While Lollapalooza looked to be a rain-filled weekend, everything cleared up by the midway point. That's a good thing, because the expansion to four days tested everyone over 23's endurance and resolve to stroll through Grant Park's grounds for the whole day. Clear skies and agreeable weather were a welcome antidote to the several blisters currently on my feet.

But let's talk about the music. Today boasted arguably one of the fest's strongest overall days with Smino kicking things off, a moody set from XL-signed pop star Låpsley, a turned-up jam at D.R.A.M. and a super-cathartic and shaded performance at the BMI stage from Georgia's Mothers. Haim also made their triumphant return to the Lollapalooza stage, and Vince Staples riled up the crowd with his unsurprisingly killer stage presence. Of course, nostalgia reigned supreme as a recently reunited LCD Soundsystem closed out the festival.

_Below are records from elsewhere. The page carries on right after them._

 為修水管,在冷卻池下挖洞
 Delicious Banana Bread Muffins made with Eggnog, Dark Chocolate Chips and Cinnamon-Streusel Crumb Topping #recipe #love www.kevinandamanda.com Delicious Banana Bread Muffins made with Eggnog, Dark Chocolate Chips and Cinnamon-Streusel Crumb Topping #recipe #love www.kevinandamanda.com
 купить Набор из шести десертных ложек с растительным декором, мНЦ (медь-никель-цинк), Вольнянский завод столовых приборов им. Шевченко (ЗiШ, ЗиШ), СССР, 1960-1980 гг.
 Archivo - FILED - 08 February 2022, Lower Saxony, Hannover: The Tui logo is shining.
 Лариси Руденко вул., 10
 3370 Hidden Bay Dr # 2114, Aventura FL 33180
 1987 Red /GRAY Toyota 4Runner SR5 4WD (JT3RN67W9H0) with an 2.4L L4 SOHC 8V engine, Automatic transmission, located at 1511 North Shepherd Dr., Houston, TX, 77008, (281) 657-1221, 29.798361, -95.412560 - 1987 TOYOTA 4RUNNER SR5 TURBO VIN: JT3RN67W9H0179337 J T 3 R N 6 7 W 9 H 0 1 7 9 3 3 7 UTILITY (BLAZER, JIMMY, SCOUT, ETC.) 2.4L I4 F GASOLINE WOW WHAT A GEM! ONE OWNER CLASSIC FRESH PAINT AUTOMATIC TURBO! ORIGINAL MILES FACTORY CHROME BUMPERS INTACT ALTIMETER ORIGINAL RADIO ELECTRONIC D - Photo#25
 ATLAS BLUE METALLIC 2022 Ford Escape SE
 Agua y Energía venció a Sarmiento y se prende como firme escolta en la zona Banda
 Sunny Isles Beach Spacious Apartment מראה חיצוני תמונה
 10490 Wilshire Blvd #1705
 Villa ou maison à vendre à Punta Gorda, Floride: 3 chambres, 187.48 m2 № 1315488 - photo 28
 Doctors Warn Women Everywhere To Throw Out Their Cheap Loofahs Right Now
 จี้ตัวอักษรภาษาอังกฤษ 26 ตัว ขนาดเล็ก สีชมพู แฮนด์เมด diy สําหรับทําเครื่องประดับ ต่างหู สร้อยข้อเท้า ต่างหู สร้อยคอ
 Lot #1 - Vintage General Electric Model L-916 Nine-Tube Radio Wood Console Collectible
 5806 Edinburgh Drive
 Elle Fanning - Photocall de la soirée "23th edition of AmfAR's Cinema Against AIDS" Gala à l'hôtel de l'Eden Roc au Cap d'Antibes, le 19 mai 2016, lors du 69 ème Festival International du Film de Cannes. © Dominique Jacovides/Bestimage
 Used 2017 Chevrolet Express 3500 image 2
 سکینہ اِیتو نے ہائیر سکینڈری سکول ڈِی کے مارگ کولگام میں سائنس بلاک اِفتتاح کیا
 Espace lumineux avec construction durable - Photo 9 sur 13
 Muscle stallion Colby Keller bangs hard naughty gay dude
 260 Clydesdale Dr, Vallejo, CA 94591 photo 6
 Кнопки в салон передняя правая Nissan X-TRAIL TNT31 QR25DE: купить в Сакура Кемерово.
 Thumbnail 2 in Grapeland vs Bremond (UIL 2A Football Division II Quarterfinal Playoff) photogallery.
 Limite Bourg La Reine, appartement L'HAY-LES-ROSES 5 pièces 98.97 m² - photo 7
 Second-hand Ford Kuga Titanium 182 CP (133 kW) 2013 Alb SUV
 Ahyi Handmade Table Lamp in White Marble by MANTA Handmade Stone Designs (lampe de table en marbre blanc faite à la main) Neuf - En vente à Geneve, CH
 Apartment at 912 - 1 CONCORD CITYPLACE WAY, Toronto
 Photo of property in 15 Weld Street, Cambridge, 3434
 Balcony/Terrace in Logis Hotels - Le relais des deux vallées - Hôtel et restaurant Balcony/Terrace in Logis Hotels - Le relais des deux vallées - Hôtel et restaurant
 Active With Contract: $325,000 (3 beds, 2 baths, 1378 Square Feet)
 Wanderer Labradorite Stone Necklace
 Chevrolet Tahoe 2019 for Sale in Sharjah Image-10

Nothing gave me more goosebumps than seeing several tens of thousands of people sing along to "All My Friends."

—Josh Terry, music reporter

Smino (noon, Pepsi stage)

Smino taught Lollapalooza the value of getting to the fest early. Kicking off the day at the Pepsi stage, the rising St. Louis rapper and member of Zero Fatigue, aka the collective featuring Monte Booker, Ravyn Lenae and more, gave one of the best performances of the entire weekend. Fresh off the re-release of his EP "blkjuptr," he ripped through songs off that effort as well as new ones from his forthcoming title-TBA full-length release. He may live in Chicago, but it's his home city that he repped, bringing his longtime collaborator and friend Bari Allen onstage. Backed by his longtime producer Booker, Chicago musician Phoelix, Silent Party Music and backup singers and dancers, Smino's set featured some smooth instrumentals to anchor his versatile flow and croon. He more than proved he could man not just this stage but a way bigger one in the future

Lapsley (12:45 p.m. Samsung)

Just after noon on the unprecedented fourth day of Lollapalooza is a tough spot to fill, and if Låpsley was expecting a packed audience, there were several factors working against her: 1) The majority of festgoers likely were still lying in bed at that point, wondering why they signed up for this. 2) She was playing on the Samsung stage, which always looks empty unless you have a 100,000 people or so packed in there. 3) The midday sun, back with a vengeance after three days behind the clouds, was beating down relentlessly overhead, taking its toll on those not in the shadow of the stage. But the 19-year-old English singer-songwriter openly acknowledged that she's just at the beginning of her career—"I should write more. I'm only one album in," she said apologetically, prefacing her last song, "Hurt Me"—and seemed to be happy just playing Lolla in any form. I could definitely see her returning in the future with more material, perfectly filling a sleepy afternoon slot.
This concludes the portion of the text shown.